The airless reception area with its cheerful, exhortative corporate posters made me think of communist Russia. Dark wood. Grey, worn carpet. Grey fluorescent lights. Every so often, there would be a sharp, electronic bleep and the door would get pushed open. A grey-suited figure would scuttle past and the door, on its spring, would creak slowly shut. I thought affectionately of WD40.
Waiting on the single, plastic seat so kindly provided for visitors, I thought too of the sunshine I’d left behind as I picked up my visitors’ badge at Reception. I resolved, as soon as I got home, to get the Ural’s keys off their hook and out into the evening lanes.
By the time I’d dug under the wire and out of Stalag Corporate, the sun was thinking about a stiff G&T and putting its feet up. But, at this time of year, the shadows seem longer and richer in the evenings. And I had a good reason – as well as blowing stale air out of my lungs – to ride.

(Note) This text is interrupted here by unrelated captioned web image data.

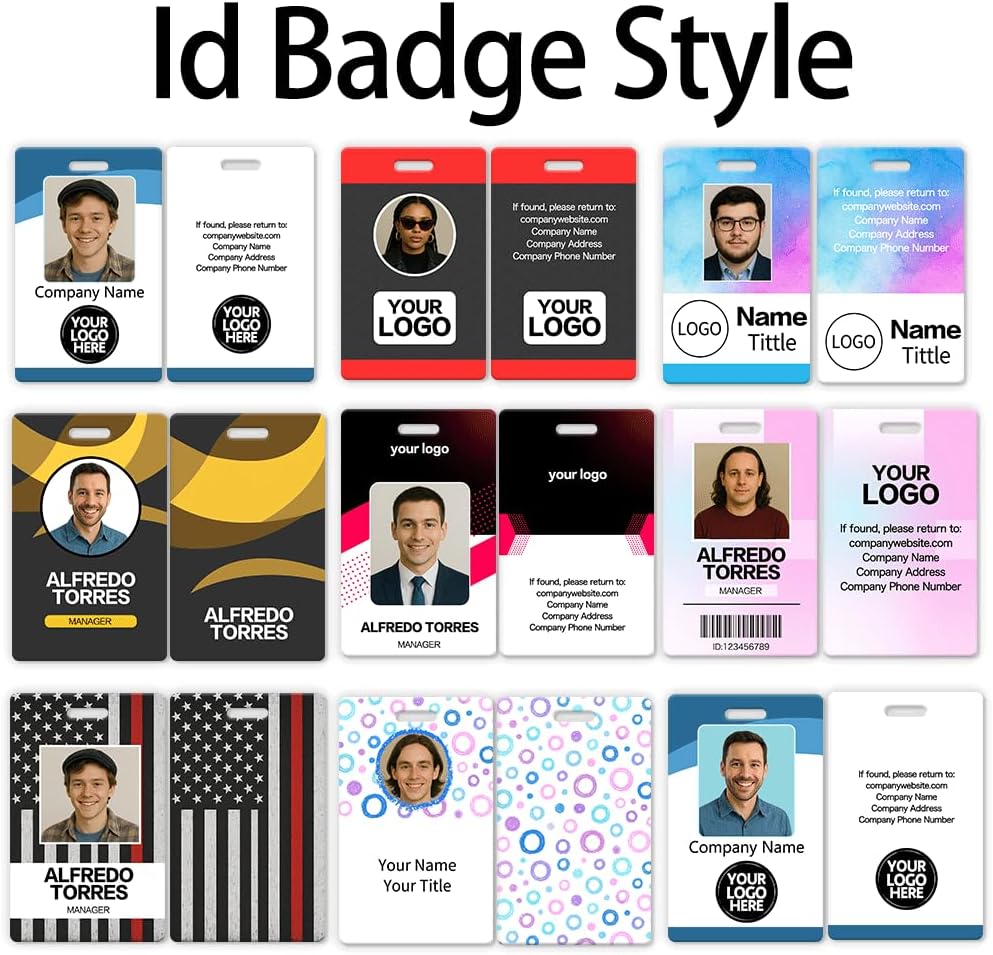 Custom ID Badge Personalized Employee ID Card Identification Badges Print Name Photo Logo Double Work Badges Barcode Tag Volunteer Office ID Vertical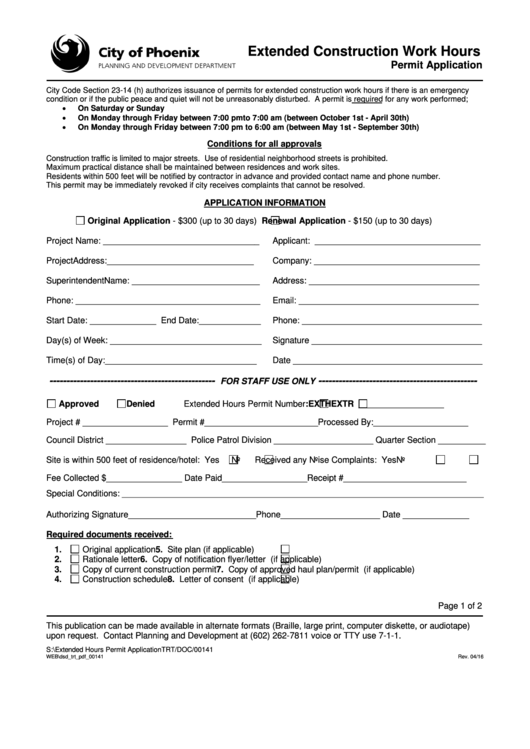 Fillable Extended Construction Work Hours Permit Application Form - State Of Arizona Printable pdf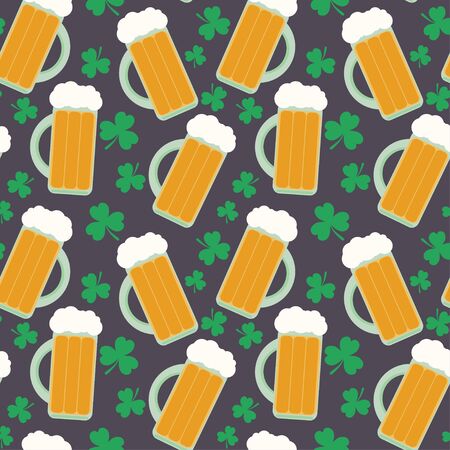 Seamless pattern with beer glasses and clover for St. Patrick's Day. Flat style background.のイラスト素材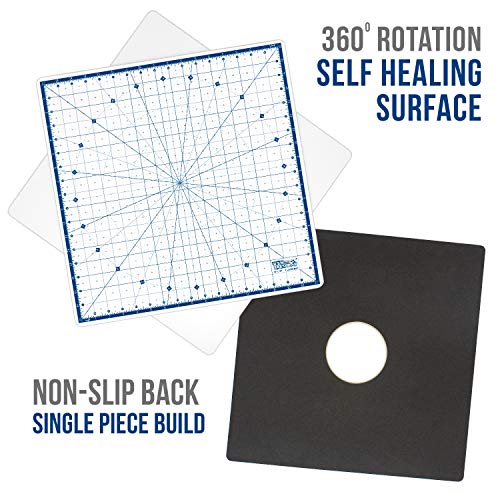 U.S. Art Supply 18"x18" Self-Healing Cutting Mat 7-Ply - Rotary White/Blue | Craft Mat, Non-Slip Cutting Mats for Crafts, Sewing, Quilting, Scrapbooking - size: 18" x 18"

I’ve been looking at old airfields since around 2006. I’ve lived in Bampton since 2002. I’ve ridden to Lechlade to the rather fine Lechlade Fish Bar and sat by the Thames, enjoying their finest, countless times. So how had I missed RAF Kelmscott?
Worse than that, Kelmscott Pork Sausages had found their way into the Saturday morning frying pan increasingly often. So why did I not know about RAF Kelmscott?
Simple. There’s nothing left of it.
One day, perhaps twenty years off, most of the old bases I spend time exploring will be like this. Fields. Sky. Hedges. Nothing to show they were once home to men, places where they faced fear and won, mostly.
So, out through Clanfield, slightly reluctantly past the Clanfield Tavern, and out towards Radcot, turning right to Lechlade. I had an old map, no new map, and a bit of guesswork to go by.
Usually, airfields – like real tennis courts – are easy to spot. A concrete edge to a road. A metal-framed window in a semi-derelict brick building. Hawthorn and elder grown up around foundations. Not Kelmscott.
You could ride past fifty times and not realise you were passing one of D-Day’s main stages.
In May 1944, you’d have struggled to hear English spoken at Kelmscott. More than 200 Polish paratroops swooped down in mock assaults in preparation for D-Day.
The four, grass strips that constituted Kelmscott’s runways had seldom seen so much action. As a Beam Approach School for Airspeed Oxfords and relief landing ground for RAF Watchfield, Kelmscott was never going to be a big base. But, as a training site for D-Day, it was crucial.
So I put the sidecar’s wheels on the verge, stopped the engine, pulled off my gloves and helmet, and sat watching the sun set.
Not a lot happens now at RAF Kelmscott. The background track, apart from swifts chiding was the mordanted tone of a combine. The corndust on the edge of a far field was rising against the sun. A few cars swished past, looking at the silly man on his sidecar.
There was a depth to the quiet. The sort of silence that only comes from relative isolation and space. After a day of meetings, noise and running to keep up, I relaxed into it. And enjoyed the sunset.
Eventually, shattering the peace, I started the engine and rolled towards Kelmscott and The Plough, one of my favourite pubs.
As I clacked down the lane and drew level with the pub, I realised the garden was full, every table sat four or more or squeezed six. Stopping under the gaze of the whole garden, taking off my helmet and walking, publicly, inside seemed ostentatious, obvious. Oooh, look at me! So I rode on.
It’s hard enough to look at the future of a business in a recession, without that solid lump of worry rising. But I get to go home every evening, safely and securely. In Spring 1944, dropping out of a plane, into a countryside where your mother tongue would get you mistaken for a German, nothing was certain, nothing fixed. But the odds were far from good.
Sometimes, as I’ve often said before, I worry too much. You’d have thought I’d have learned by now.